# [Try it]
For this exercise, output the entries below exactly from the line that holds "Purple bottle of" to the line that holds "The Loma Prieta", both ends included. No pictures belong in the copy.

# [Input data]
--------------------------------
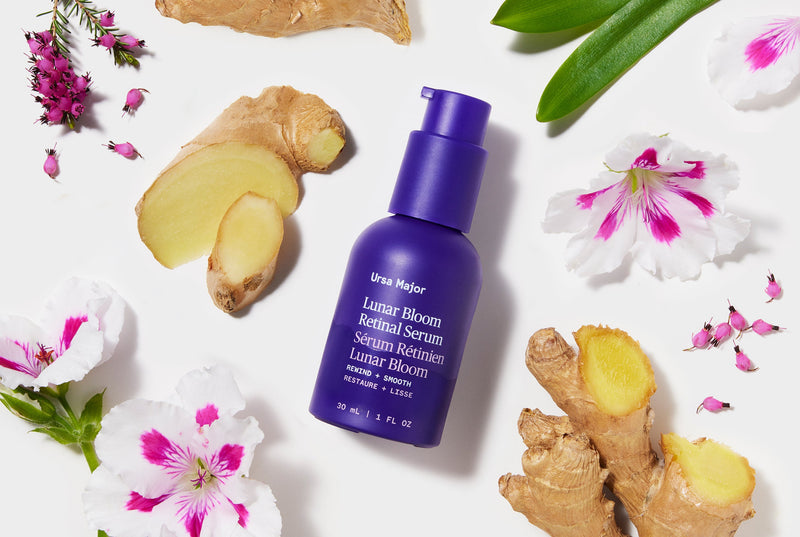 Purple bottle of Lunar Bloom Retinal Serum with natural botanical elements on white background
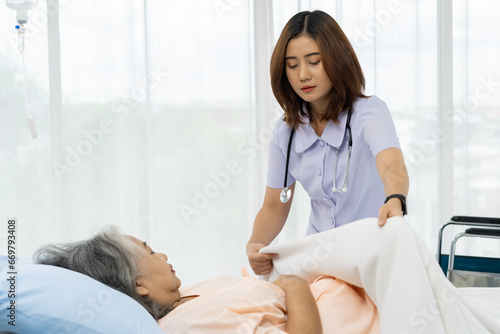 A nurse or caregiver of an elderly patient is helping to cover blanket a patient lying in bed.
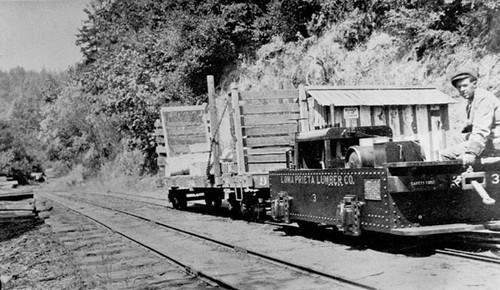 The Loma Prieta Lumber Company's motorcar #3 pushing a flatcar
--------------------------------
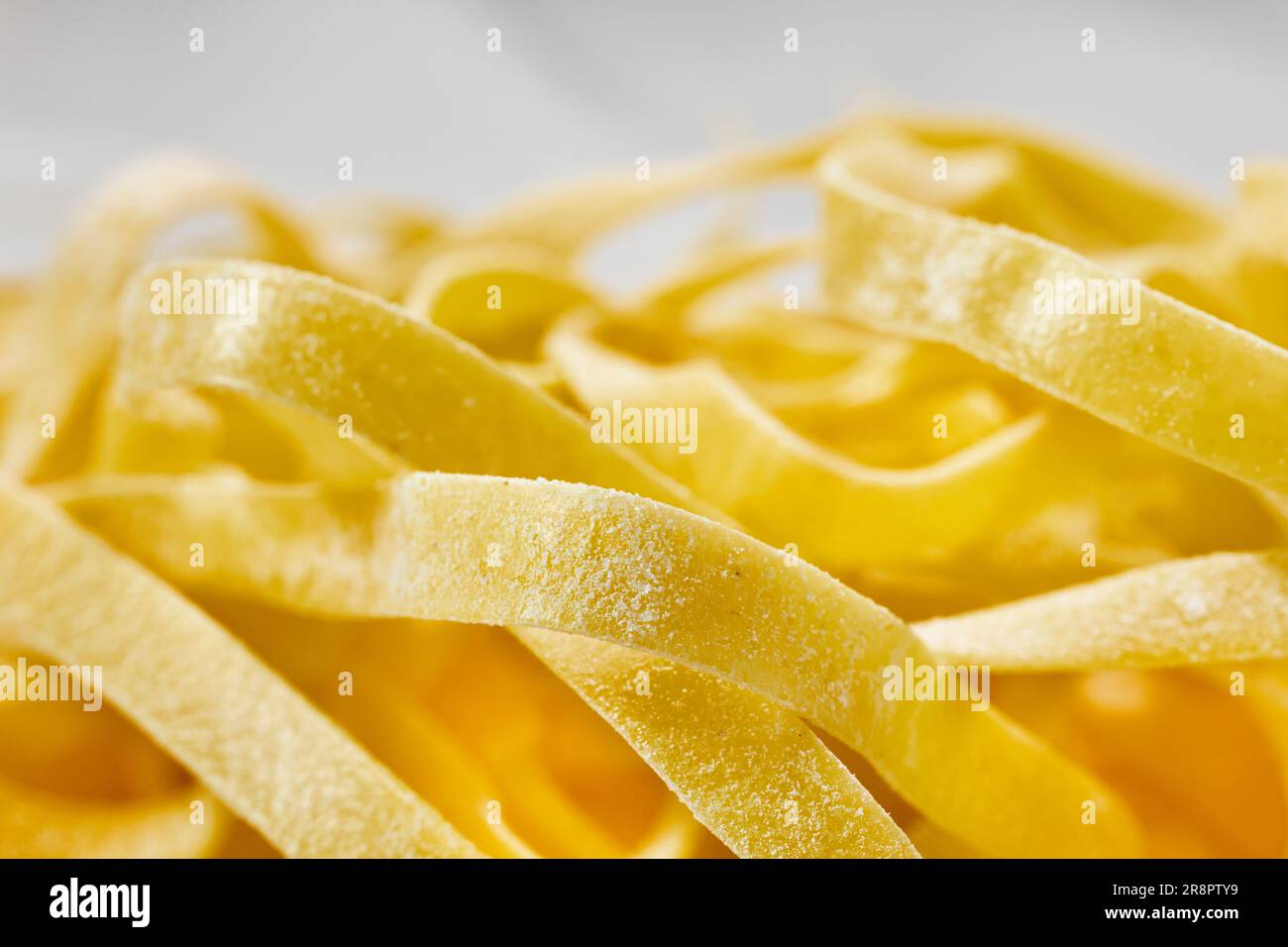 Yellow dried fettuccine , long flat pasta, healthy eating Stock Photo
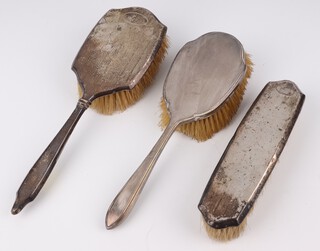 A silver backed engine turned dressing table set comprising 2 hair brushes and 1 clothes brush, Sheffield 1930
--------------------------------
# [Your solution]
 Purple bottle of Lunar Bloom Retinal Serum with natural botanical elements on white background
 A nurse or caregiver of an elderly patient is helping to cover blanket a patient lying in bed.
 The Loma Prieta Lumber Company's motorcar #3 pushing a flatcar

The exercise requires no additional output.